## Instructions for the task
Given the entries below, would you transcribe exactly the lines starting at the one with "Conjunto Teddy Blanco" and ending at the one with "Iced Coffee - Green", both kept, pictures omitted, nothing extra?
━━ Material for the task ━━
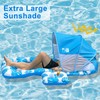 COOLCOOLDEE Inflatable Pool Float with UPF 50+ Sunshade Canopy,Extra Large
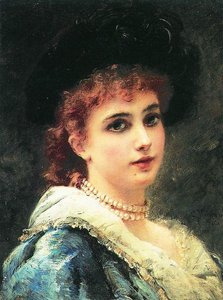 Parisienne In Pearl Necklace — Konstantin Yegorovich Makovsky, Realism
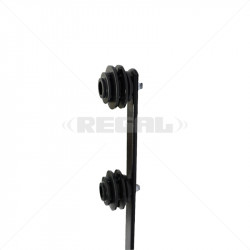 Fence Pole - 6Line Flat Bar Straight Black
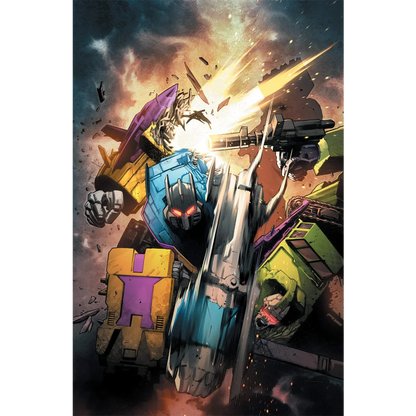 Transformers #31 stephen segovia exclusive virgin var features a blue and purple transformer robot with glowing red eyes and battle-worn armor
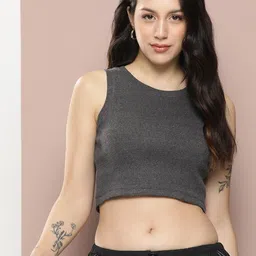 Harvard Women Solid Slim Fit Crop T-shirt-picture-15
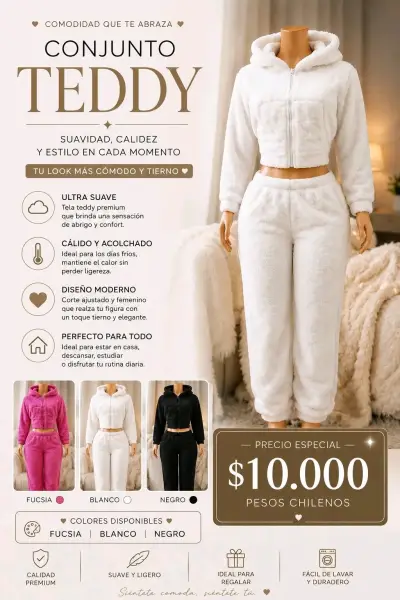 Conjunto Teddy Blanco Acolchado - miniatura 1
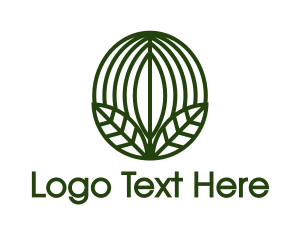 Iced Coffee - Green Coffee Bean Leaf logo design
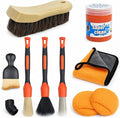9PCS Car Detailing Brush, Horse Hair and Boar Bristle Brush Set with Elbow Adapter, Microfiber Wax Applicator Pads, Drying Towel and Cleaning Gel,Cleaning Kit for Interior Exterior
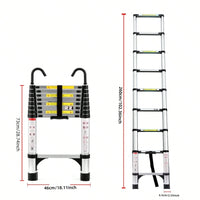 8.5FT Aluminum Telescopic Ladder with Stabilizer Bar and Hooks for Home and Outdoor Use Max Load 330lbs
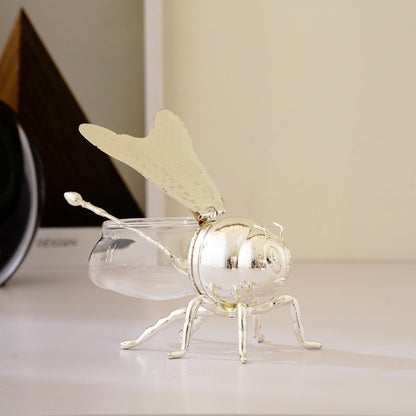 Buzzing Bliss - Bee Shaped Storage Container and Serveware - Silver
━━━
## Response to the task
 Conjunto Teddy Blanco Acolchado - miniatura 1
 Iced Coffee - Green Coffee Bean Leaf logo design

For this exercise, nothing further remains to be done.